Table 1 summarizes the background and perioperative factors of patients with SCT and CS. In both groups, the proportion of female patients was more than twofold that of male patients. All patients were born at term and had an appropriate weight. Tethered cord syndrome occurred significantly more frequently in the CS group (p = 0.0108). However, no significant differences were observed for other malformations. The size of the tumor evaluated on imaging was not significantly different between the two groups. All patients in the CS group showed Altman classification type IV, whereas Altman classification type I was more common in the SCT group. In both groups, the pathology was mostly mature teratomas; there was one case of immature teratoma in the SCT group, two of hamartoma, and one of lipoma in the CS group. Due to intractable constipation, colostomy was performed in five patients in the CS group, before radical surgery. Age at radical surgery was significantly higher in the CS group (p = 0.0277). The surgical time was also significantly longer in the CS group (p = 0.012). There was no significant difference in the amount of bleeding associated with surgery between the two groups.

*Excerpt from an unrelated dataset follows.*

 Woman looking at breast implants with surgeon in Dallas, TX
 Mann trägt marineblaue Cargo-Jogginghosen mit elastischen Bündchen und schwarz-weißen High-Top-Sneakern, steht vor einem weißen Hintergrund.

Table 1 Background and perioperative factors of patients with SCT and CS

Early complications in the CS group were common (80%); mostly postoperative dysuria, which did not manifest before radical surgery. Of those with early complications, 33% improved over time, and 67% had voiding dysfunction. Dysuria was not evident as an early complication in the SCT group. Overall, early complications were significantly more common in the CS group than in the SCT group (p = 0.023). Regarding long-term prognosis, 70% of patients in the CS group complained of defecation disorders; this was significantly higher than that in the SCT group (p = 0.0198). Although there was no significant difference in dysuria, it tended to be more common in the CS group. One case of lower limb dyskinesia was observed in the SCT group, which was considered to be largely affected by comorbid neuromuscular disease. There were no recurrent tumors in either group. The median follow-up period for the SCT and CS groups was 8.4 and 7.9 years, respectively, with no significant difference observed between the two groups.

Discussion

Since SCT and CS are associated with different pathological findings, this study hypothesized that their prognosis is likely to be different. Comorbidities, perioperative factors, and long-term outcomes were significantly different from those of isolated SCTs and presacral tumors in CS. This is the first study to directly compare the background and prognosis of SCT and CS.

In our study, we defined the CS group as having presacral tumors with one or both anorectal malformations and sacral dysplasia. CS with the Currarino triad of anorectal malformations, sacral abnormalities, and presacral tumors was first proposed by Currarino et al. [13] in 1981. The classification of CS was first reported by Martucciello et al. [17] in 2004. According to this classification, our CS group had complete CS in seven cases with Currarino triad and mild CS in three cases with only presacral tumors and sacral dysplasia. Therefore, this study may be regarded as a comparative study of SCT and CS. In recent years, the MNX1 gene was discovered to be responsible for CS, and there are some reports on its penetrability and phenotype diversity [18]. However, there is no clear gene responsible for SCT. Besides, presacral tumors in CS arise from incomplete separation of the endodermal and ectodermal layers during early embryonic development [13]. SCTs originate from pluripotent cells (Hensen’s node) located at the tip of the coccyx [19]. Thus, from a developmental perspective, the two tumors should be considered different.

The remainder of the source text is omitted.